Posted June 2, 2011 by Beth Webb - Events Editor in Films
 
 

First Grader, The


This is certainly a new direction for Spooks director Justin Chadwick, whose previous feature length film was period dramatisation The Other Boleyn Girl. In light of the atrocities enforced by the British invasion on Kenyan Soil, a fiercely keen Mau Mau veteran Kimani N’gan’ga Maruge (Oliver Litondo) sets out to learn under the promise of “free education for all” under a revised government.

This is certainly a new direction for Spooks director Justin Chadwick, whose previous feature length film was period dramatisation The Other Boleyn Girl. In light of the atrocities enforced by the British invasion on Kenyan Soil, a fiercely keen Mau Mau veteran Kimani N’gan’ga Maruge (Oliver Litondo) sets out to learn under the promise of “free education for all” under a revised government.

Maruge’s struggle for literacy is juxtaposed against his struggle for freedom after the slaughtering of his family by British colonies. Shots of mouthing sounds and holding up letters of the alphabet lead to unbearable sequences of torture and humiliation, that are graphic and at times drawn out at excruciating length. Litondo proves a sturdy vehicle of determination, conveying simple emotions delivered like sucker punches to the viewer as he turns up every day at the school gates until he is allowed in.

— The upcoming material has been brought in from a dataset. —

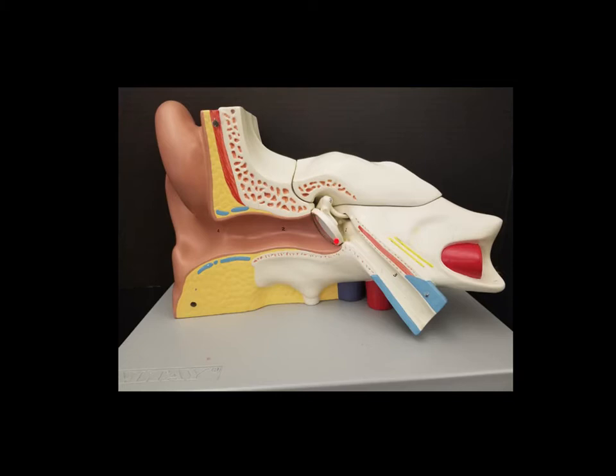Some other things we can see in this view: here is our eardrum, but we'll see that more clearly on a slide coming up. We can also see the ossicles — these are the ear bones. We have three bones in each ear and they are among the smallest bones in the body. We also have this part here called either the auditory tube or the eustachian tube. This connects the inner ear with the back of the pharynx, near the back of the nasal cavity, and allows equalization of pressure — like when you yawn and you have that popping feeling.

His saving grace is Naomie Harris headteacher Mrs Obinchu, whose gratitude to the Mau Mau and faith in an educated Kenya compels her to defy oppression from higher authorities and threats from local parents to help her elder student.

Chadwick uses a steady pace and sincere framing to carefully observe the journey to education that is so easily taken for granted in the developed world, and it’s obvious why the feature was selected for this years Human Rights Watch festival in London. The casting of Litondo is necessary, but it’s Harris’s drive that is worth taking notice for, as she is thrown from the joys of teaching the threats made to herself and her husband for helping Maruge’s learning. There are no motivating speeches or Brokovich style monologues, but her presence seems force enough to shout down opposition.

Even scenes that should be written off as clinched are far from; Maruge leading the children in a chant for freedom in the schoolyard makes Mel Gibson look like a kitten, and the sight of the elder showing up at the school gates in full school uniform, including socks in accordance to the education guidelines will not fail to make you smile.

It’s scenes like this in fact that make the impact of the torture sequences and inhumanity all the more powerful. So sparse is the spectrum of emotion conveyed in this dramatisation that it’s difficult not to absorb the sheer horror endured by the people of Kenya, and consequently the recent news coverage of those that were victimised demanding compensation all the more haunting.

Those that followed Maruge’s story in the national press will be aware of the outcome, and it’s one of those struggles for justice that warrants a bigger reward than is ever received. Chadwick doesn’t try and gloss over the past; this is a series of events that evoked horror amongst a nation. What is does do is end with a positive look to an educated and developed future which, thanks to people like Maruge and Mrs Obinchi, can now be available to anyone.